BEGIN TASK INPUT
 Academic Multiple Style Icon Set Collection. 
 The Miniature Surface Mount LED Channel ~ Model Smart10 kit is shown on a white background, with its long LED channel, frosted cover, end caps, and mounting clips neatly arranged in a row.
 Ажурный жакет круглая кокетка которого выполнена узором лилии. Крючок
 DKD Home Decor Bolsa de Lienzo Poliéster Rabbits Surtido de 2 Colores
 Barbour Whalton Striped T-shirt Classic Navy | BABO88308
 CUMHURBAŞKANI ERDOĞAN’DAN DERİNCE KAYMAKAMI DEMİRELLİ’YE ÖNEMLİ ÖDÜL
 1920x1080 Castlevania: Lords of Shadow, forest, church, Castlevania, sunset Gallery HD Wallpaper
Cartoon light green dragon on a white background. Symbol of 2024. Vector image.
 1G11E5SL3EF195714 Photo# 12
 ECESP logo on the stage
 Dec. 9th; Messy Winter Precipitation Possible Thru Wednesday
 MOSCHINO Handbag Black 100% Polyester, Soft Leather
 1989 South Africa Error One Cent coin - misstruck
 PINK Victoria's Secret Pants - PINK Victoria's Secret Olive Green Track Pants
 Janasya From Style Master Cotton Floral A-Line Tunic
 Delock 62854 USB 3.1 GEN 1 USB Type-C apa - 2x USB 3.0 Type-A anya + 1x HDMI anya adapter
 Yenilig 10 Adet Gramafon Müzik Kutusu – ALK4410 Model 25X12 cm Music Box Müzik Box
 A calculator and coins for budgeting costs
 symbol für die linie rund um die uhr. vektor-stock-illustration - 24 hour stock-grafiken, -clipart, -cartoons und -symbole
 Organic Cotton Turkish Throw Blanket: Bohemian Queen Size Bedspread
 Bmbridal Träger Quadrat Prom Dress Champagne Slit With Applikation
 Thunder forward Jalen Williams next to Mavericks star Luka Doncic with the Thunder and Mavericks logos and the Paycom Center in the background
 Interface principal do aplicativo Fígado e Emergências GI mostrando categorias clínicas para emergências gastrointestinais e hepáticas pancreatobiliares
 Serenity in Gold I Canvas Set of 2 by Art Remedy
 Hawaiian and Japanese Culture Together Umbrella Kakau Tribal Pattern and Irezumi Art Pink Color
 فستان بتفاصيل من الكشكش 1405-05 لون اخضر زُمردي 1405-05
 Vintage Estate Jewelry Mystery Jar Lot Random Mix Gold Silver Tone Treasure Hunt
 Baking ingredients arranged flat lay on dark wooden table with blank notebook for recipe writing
END TASK INPUT
AIM OF THE TASK: Quote only the stretch of lines that starts the data above and ends with the line containing "The Miniature Surface", both included.

OUTPUT BELOW:
 Academic Multiple Style Icon Set Collection. 
 The Miniature Surface Mount LED Channel ~ Model Smart10 kit is shown on a white background, with its long LED channel, frosted cover, end caps, and mounting clips neatly arranged in a row.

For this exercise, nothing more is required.